Information supplied:
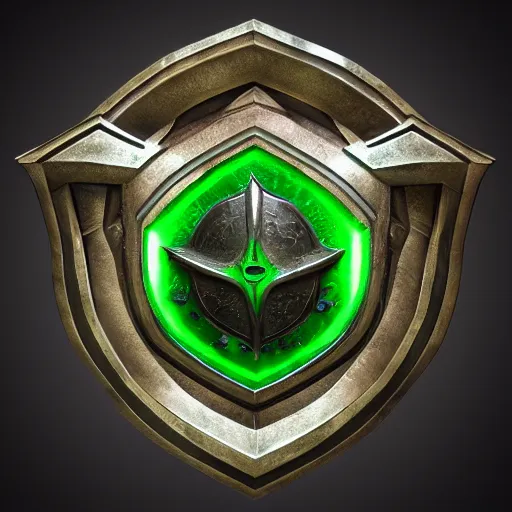 Image similar to green medieval shield, powerful fantasy epic legends, game icon stylized, digital illustration radiating, a glowing aura, global illumination, ray tracing, 8 k high definition, intricate details, octane render, unreal engine, trending on arstation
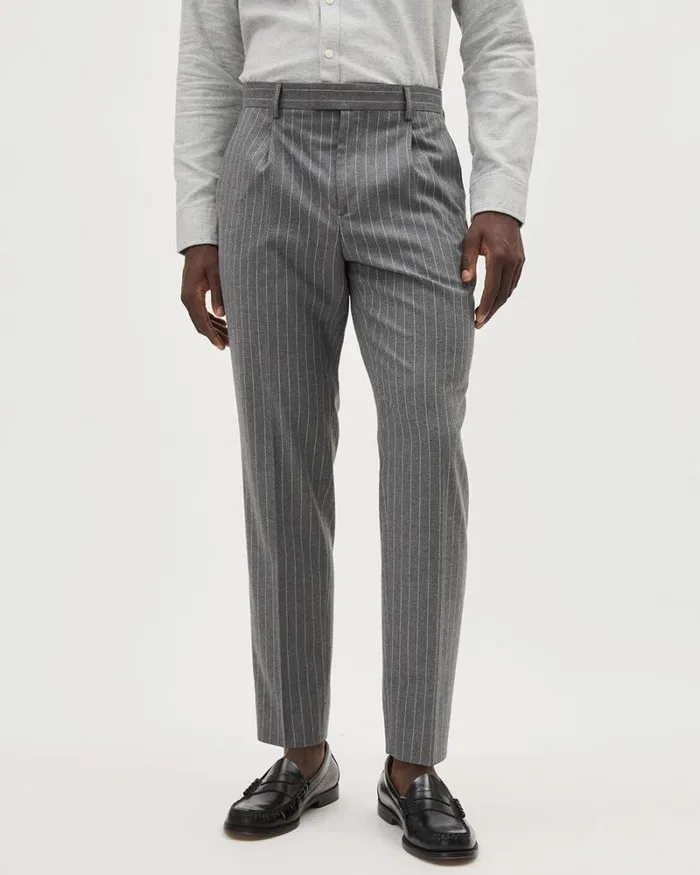 RWandCO Suits Pleated TaperedLeg Striped Suit Pant Med Grey 8211 Men RWandCO Suits Pleated TaperedLeg Striped Suit Pant Med Grey 8211 Men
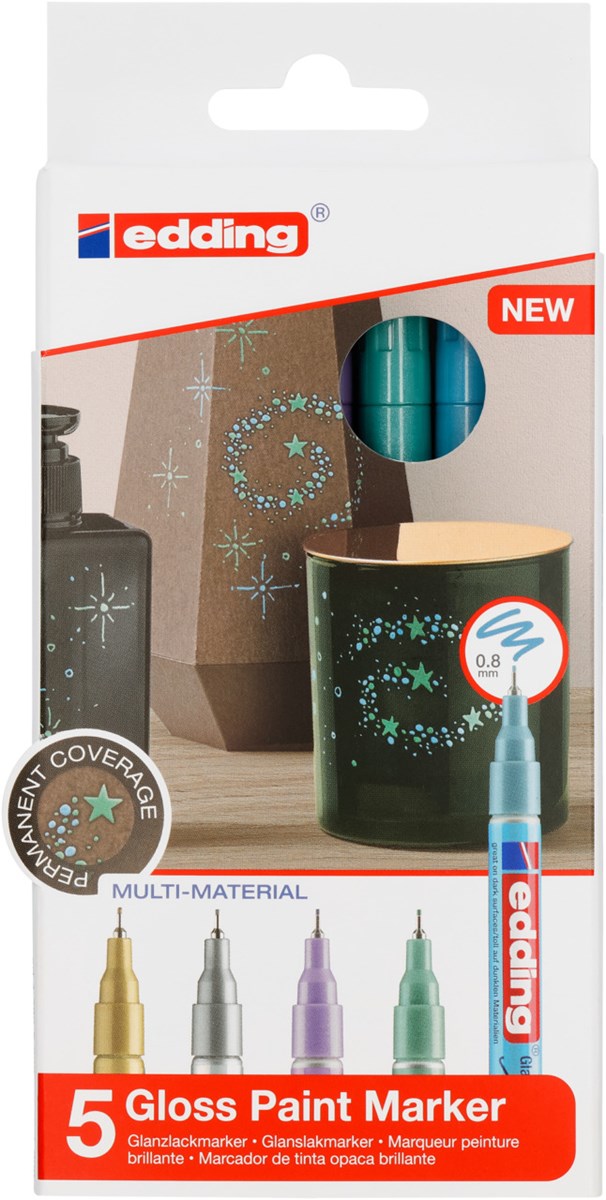 edding 780 creative Glanzlack-Marker 5er Set metallic, Rundspitze 0,8 mm (Art.-Nr.: 4-780-5-099)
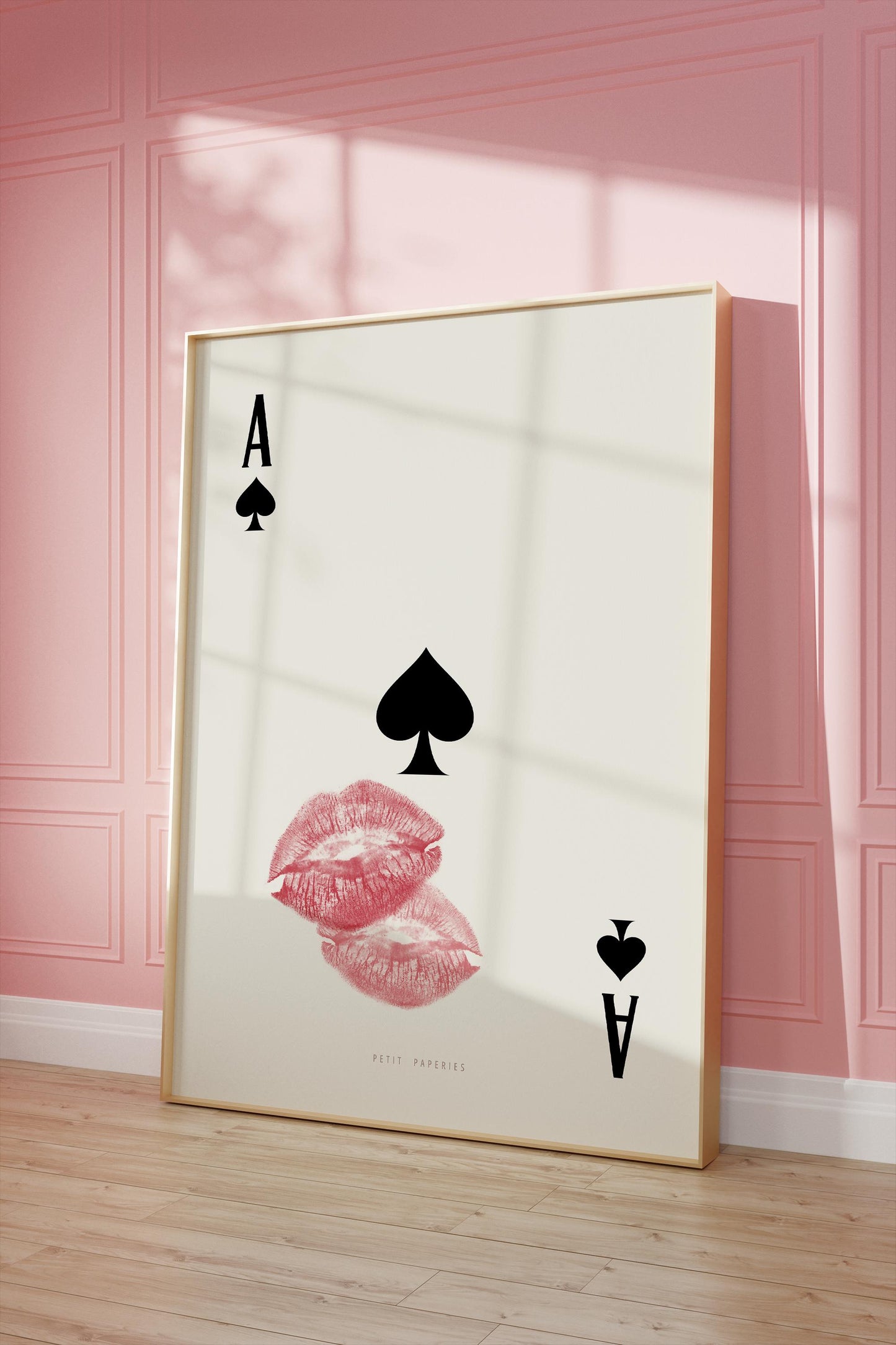 Glamorous wall art with cards and lips for living room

What you need to do: Beginning with the line in which "8211 Men RWandCO" appears, repeat exactly each line down to the close of the material, leaving every picture out.

Reply to the exercise:
 RWandCO Suits Pleated TaperedLeg Striped Suit Pant Med Grey 8211 Men RWandCO Suits Pleated TaperedLeg Striped Suit Pant Med Grey 8211 Men
 edding 780 creative Glanzlack-Marker 5er Set metallic, Rundspitze 0,8 mm (Art.-Nr.: 4-780-5-099)
 Glamorous wall art with cards and lips for living room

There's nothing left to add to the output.